**WHAT THE EXERCISE ASKS**
Word for word, return the lines from the start of the entries below through the line that has "Vangueria ferruginea".

(Collected data)
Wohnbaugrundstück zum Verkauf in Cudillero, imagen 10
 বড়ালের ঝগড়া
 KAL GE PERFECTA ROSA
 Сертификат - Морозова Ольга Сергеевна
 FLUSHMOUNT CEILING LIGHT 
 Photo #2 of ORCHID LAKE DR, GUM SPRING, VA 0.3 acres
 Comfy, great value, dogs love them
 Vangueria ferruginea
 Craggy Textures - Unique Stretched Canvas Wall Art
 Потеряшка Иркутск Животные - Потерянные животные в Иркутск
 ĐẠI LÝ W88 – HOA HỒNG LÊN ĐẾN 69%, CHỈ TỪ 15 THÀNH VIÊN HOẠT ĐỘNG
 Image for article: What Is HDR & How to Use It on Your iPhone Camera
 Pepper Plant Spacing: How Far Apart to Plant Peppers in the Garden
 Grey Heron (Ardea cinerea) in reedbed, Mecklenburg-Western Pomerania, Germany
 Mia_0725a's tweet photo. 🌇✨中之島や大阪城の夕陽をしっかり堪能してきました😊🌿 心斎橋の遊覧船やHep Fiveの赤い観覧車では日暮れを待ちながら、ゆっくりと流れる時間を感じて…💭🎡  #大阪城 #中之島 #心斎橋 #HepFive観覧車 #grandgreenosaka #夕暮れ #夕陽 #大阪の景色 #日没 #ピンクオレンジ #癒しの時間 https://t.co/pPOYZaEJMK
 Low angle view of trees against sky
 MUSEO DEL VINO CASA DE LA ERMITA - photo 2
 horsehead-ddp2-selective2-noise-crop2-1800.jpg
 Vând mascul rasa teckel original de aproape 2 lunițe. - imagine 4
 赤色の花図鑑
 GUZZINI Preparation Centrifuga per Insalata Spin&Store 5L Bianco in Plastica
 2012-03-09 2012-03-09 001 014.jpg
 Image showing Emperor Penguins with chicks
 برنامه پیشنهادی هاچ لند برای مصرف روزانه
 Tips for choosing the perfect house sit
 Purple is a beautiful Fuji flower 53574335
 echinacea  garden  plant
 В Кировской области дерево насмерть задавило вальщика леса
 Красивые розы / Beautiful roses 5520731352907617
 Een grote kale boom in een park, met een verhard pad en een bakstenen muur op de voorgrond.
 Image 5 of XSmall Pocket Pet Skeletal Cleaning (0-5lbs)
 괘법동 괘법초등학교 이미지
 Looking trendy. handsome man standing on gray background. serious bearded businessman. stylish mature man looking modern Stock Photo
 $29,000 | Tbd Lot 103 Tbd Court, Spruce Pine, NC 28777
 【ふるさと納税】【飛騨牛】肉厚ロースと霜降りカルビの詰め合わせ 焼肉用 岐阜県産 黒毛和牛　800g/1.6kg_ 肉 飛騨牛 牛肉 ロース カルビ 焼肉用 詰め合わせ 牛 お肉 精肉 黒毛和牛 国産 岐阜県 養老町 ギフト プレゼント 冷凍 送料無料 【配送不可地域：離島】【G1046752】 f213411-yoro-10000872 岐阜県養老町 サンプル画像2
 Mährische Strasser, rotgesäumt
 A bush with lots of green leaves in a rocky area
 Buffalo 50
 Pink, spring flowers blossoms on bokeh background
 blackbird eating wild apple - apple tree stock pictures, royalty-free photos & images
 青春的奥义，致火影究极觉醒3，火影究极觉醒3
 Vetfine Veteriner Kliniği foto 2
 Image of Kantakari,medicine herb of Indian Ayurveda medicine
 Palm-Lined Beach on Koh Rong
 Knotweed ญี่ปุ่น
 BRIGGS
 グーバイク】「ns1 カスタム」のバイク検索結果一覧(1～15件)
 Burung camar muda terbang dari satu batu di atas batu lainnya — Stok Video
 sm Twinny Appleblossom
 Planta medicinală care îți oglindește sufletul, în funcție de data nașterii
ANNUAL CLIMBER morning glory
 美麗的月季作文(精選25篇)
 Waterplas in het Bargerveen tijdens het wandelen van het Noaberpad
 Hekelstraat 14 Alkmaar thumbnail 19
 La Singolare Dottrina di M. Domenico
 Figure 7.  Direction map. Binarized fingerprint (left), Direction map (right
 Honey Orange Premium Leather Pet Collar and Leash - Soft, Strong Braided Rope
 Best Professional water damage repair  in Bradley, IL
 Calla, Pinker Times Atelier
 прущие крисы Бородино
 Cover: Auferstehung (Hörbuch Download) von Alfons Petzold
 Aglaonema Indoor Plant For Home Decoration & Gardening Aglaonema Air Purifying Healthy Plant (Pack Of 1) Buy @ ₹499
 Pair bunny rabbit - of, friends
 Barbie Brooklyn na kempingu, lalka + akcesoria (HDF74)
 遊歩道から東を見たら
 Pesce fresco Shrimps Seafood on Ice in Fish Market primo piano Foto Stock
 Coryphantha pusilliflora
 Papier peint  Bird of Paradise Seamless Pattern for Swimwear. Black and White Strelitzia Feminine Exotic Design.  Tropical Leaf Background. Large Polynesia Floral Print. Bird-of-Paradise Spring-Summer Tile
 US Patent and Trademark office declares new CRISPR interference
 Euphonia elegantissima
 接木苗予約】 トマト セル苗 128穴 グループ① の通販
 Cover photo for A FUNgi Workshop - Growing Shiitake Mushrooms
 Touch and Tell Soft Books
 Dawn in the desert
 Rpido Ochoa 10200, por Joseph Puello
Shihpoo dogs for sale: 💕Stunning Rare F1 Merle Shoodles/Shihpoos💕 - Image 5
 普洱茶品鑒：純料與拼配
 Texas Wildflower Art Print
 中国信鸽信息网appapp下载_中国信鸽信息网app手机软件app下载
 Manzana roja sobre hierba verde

**RESPONSE**
Wohnbaugrundstück zum Verkauf in Cudillero, imagen 10
 বড়ালের ঝগড়া
 KAL GE PERFECTA ROSA
 Сертификат - Морозова Ольга Сергеевна
 FLUSHMOUNT CEILING LIGHT 
 Photo #2 of ORCHID LAKE DR, GUM SPRING, VA 0.3 acres
 Comfy, great value, dogs love them
 Vangueria ferruginea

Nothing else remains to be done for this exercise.